# Extracted data
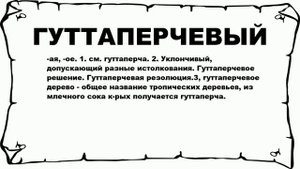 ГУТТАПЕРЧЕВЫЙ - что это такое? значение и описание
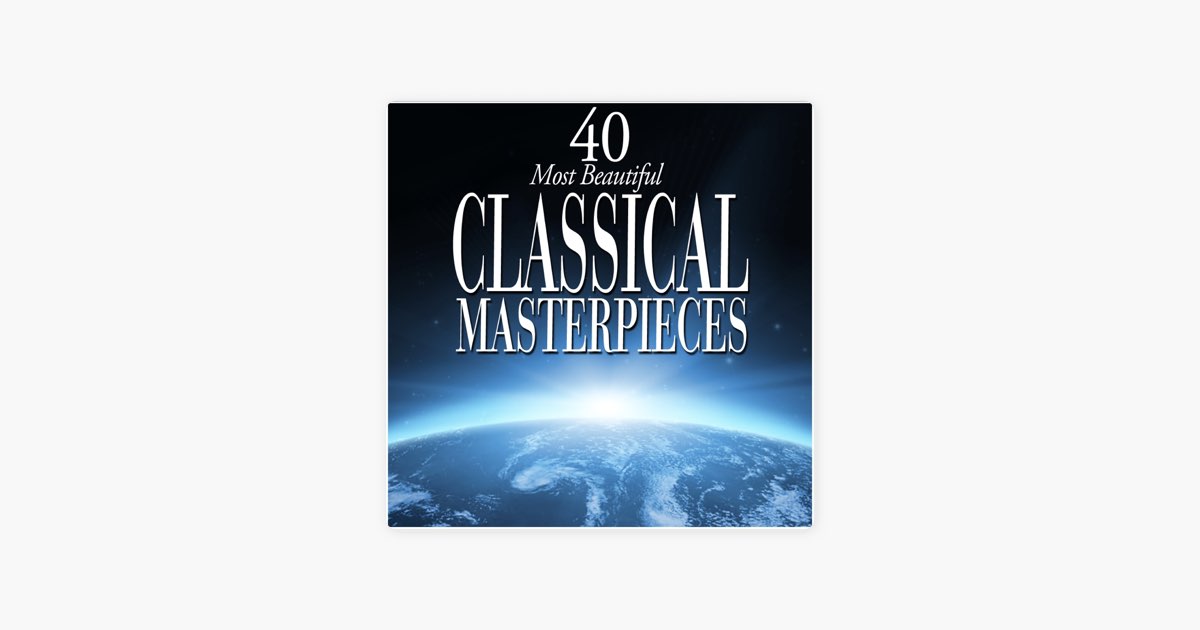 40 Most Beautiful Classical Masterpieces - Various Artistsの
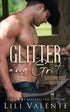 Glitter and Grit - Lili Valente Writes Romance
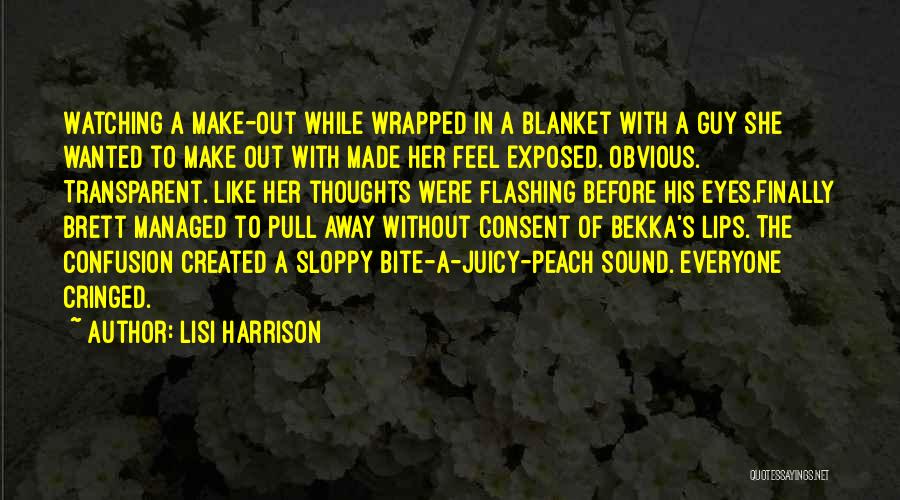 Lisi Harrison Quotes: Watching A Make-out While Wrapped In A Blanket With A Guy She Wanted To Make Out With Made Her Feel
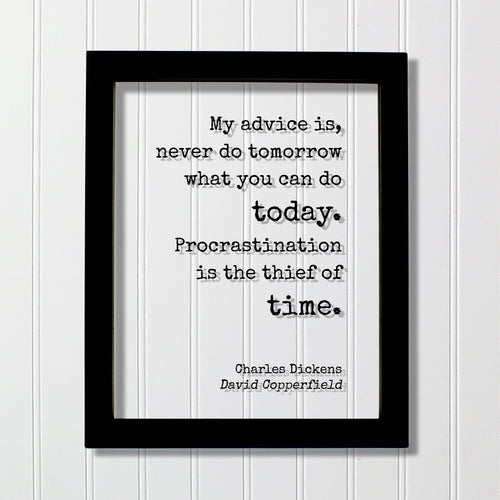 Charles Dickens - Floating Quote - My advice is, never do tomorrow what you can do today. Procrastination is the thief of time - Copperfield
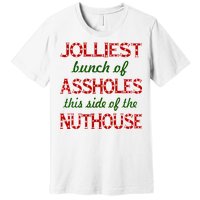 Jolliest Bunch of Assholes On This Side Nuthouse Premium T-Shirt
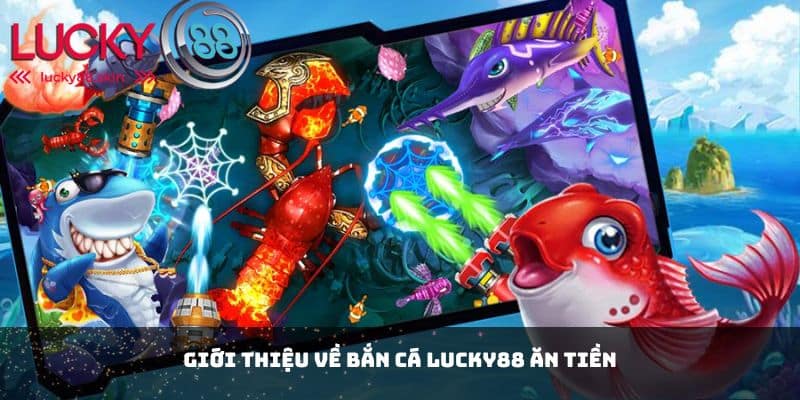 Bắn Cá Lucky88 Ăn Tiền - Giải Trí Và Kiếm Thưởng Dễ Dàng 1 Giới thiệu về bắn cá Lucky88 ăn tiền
...
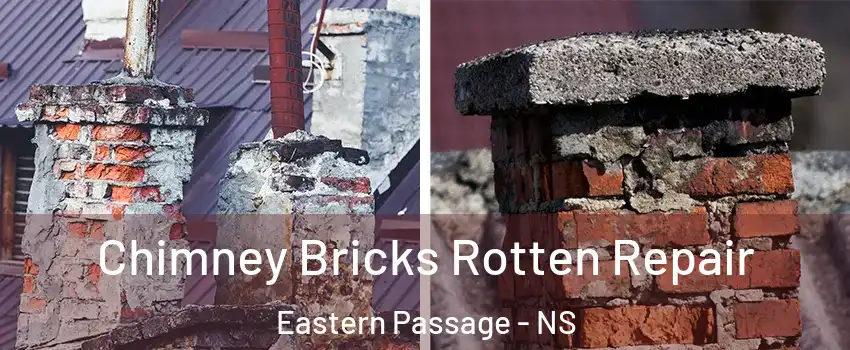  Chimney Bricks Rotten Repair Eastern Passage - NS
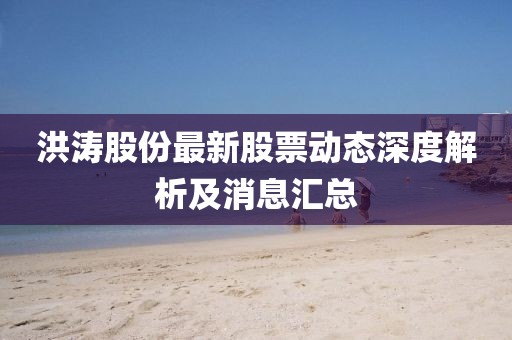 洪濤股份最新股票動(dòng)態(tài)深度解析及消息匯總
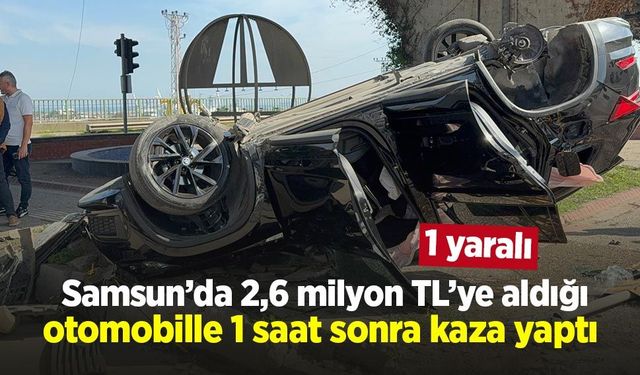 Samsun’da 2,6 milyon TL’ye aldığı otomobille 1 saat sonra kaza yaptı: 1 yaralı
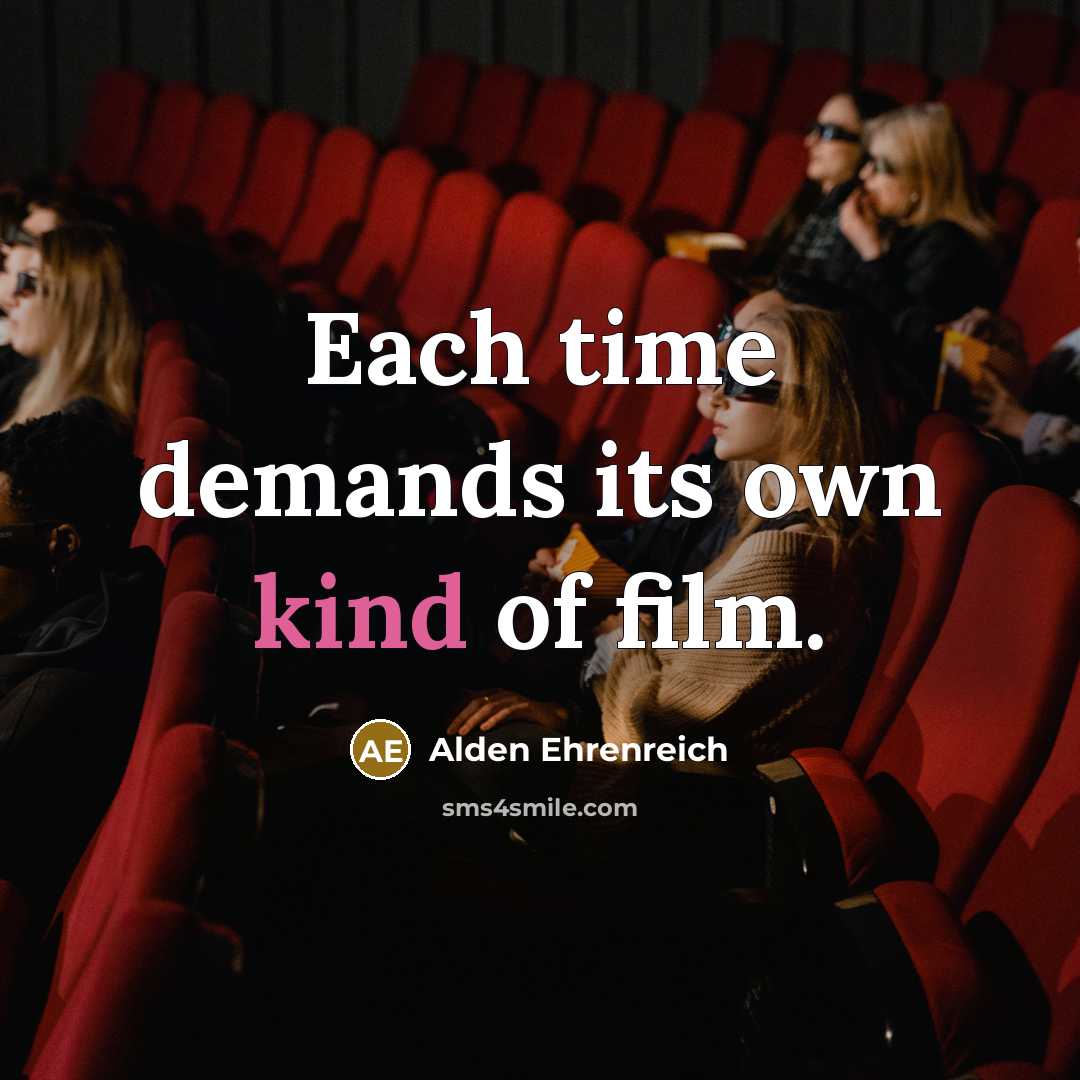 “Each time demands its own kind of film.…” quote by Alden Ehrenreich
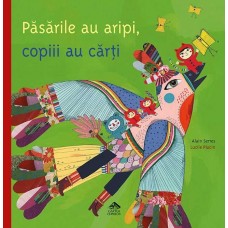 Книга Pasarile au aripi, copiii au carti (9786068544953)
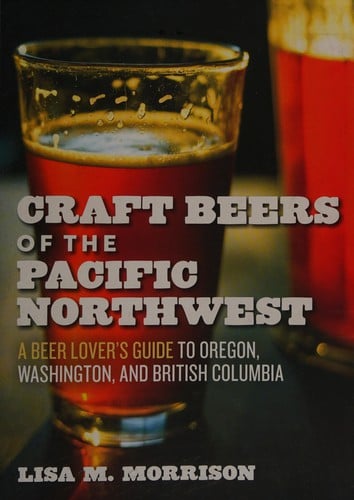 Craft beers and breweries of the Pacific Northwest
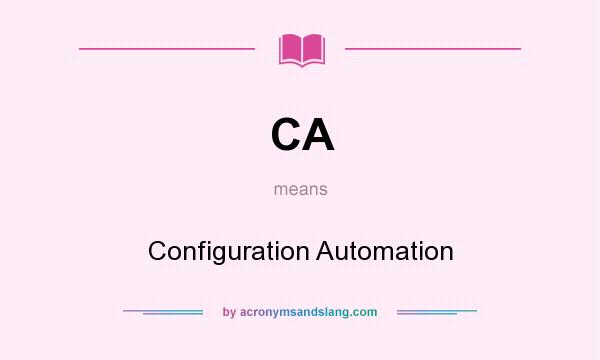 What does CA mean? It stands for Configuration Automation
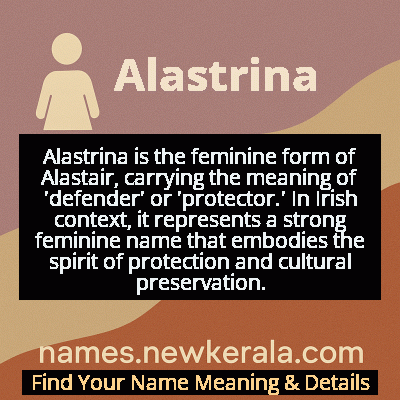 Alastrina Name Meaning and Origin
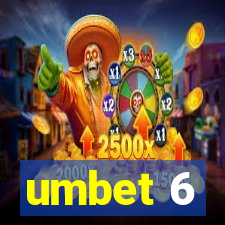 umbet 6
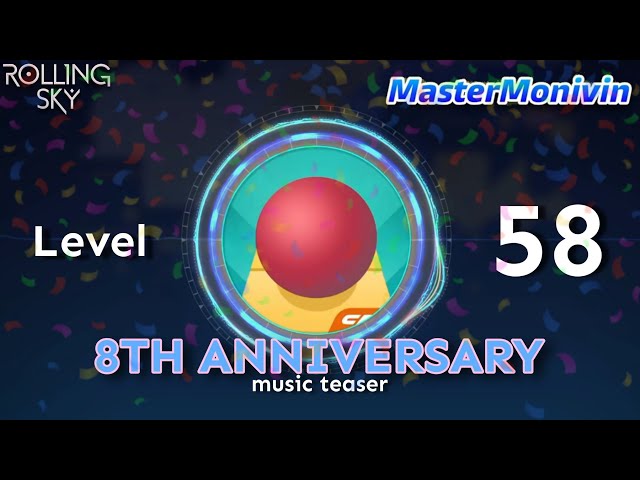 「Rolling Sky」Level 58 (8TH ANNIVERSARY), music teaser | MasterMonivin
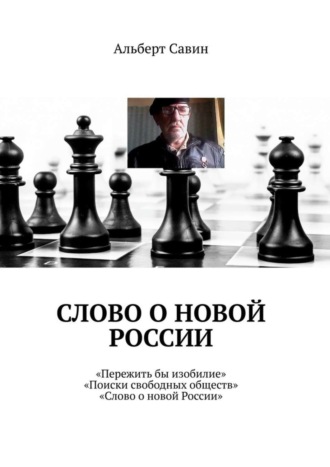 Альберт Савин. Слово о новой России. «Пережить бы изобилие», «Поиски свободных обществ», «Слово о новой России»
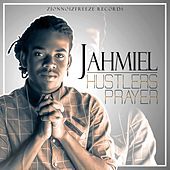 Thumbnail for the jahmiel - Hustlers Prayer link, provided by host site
--
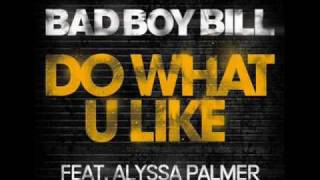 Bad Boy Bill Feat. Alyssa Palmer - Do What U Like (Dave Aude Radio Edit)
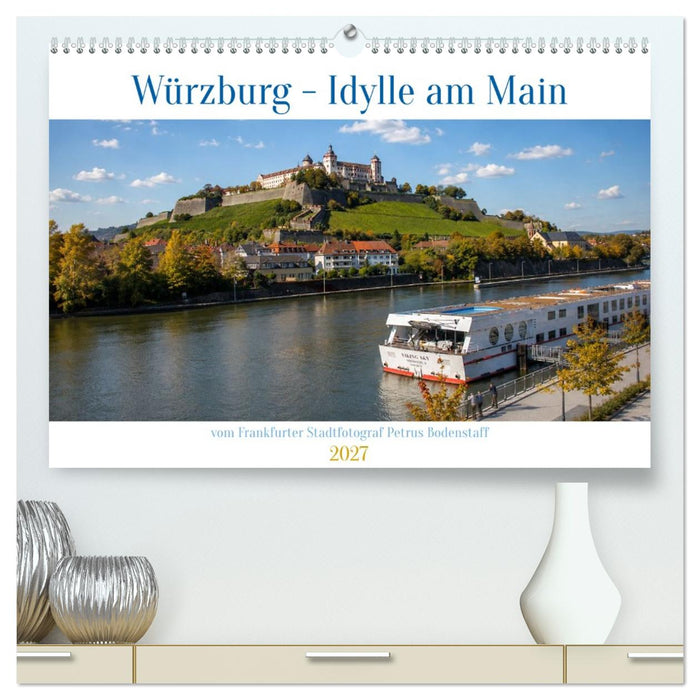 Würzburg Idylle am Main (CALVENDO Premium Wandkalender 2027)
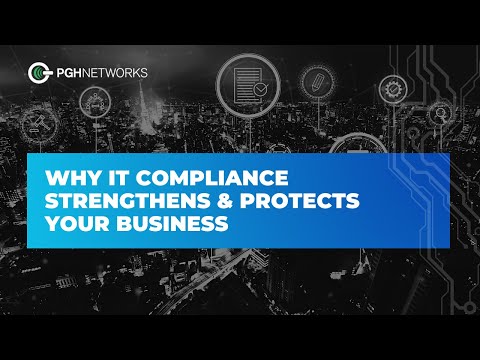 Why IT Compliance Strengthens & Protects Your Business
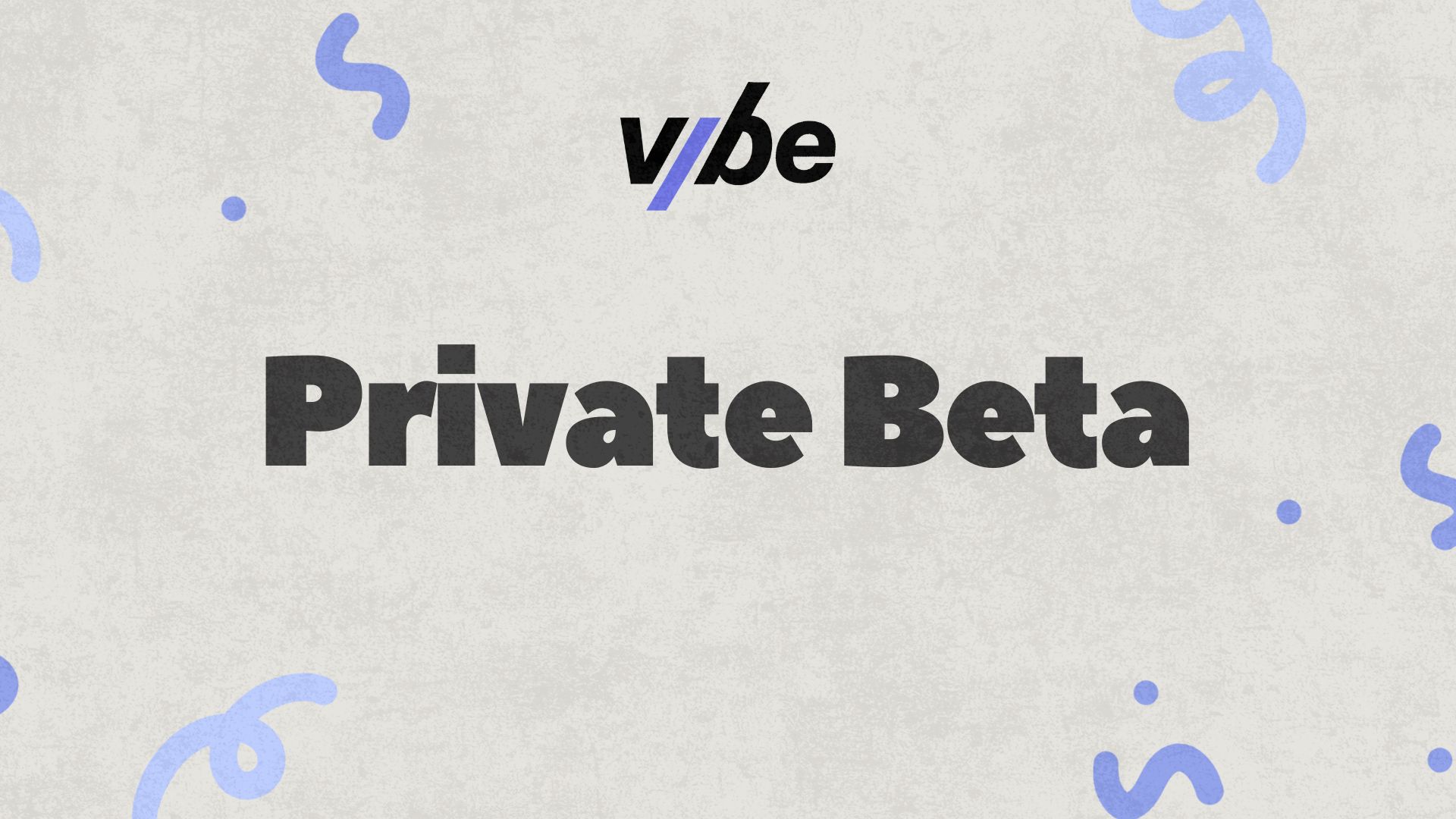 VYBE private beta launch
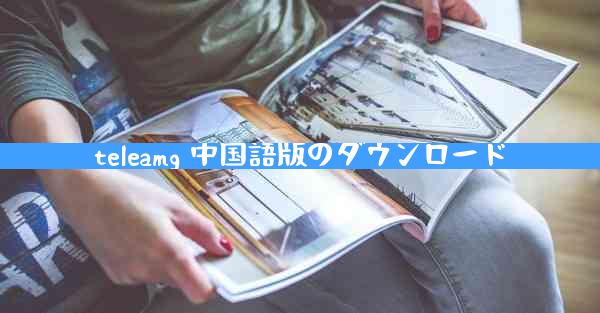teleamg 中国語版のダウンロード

# Required action
Within the material above, only the stretch from the line holding "ГУТТАПЕРЧЕВЫЙ - что" through the line holding "Bắn Cá Lucky88 Ăn Tiền - Giải" is to be restated exactly. Pictures are dropped.

# Answer to this exercise
 ГУТТАПЕРЧЕВЫЙ - что это такое? значение и описание
 40 Most Beautiful Classical Masterpieces - Various Artistsの
 Glitter and Grit - Lili Valente Writes Romance
 Lisi Harrison Quotes: Watching A Make-out While Wrapped In A Blanket With A Guy She Wanted To Make Out With Made Her Feel
 Charles Dickens - Floating Quote - My advice is, never do tomorrow what you can do today. Procrastination is the thief of time - Copperfield
 Jolliest Bunch of Assholes On This Side Nuthouse Premium T-Shirt
 Bắn Cá Lucky88 Ăn Tiền - Giải Trí Và Kiếm Thưởng Dễ Dàng 1 Giới thiệu về bắn cá Lucky88 ăn tiền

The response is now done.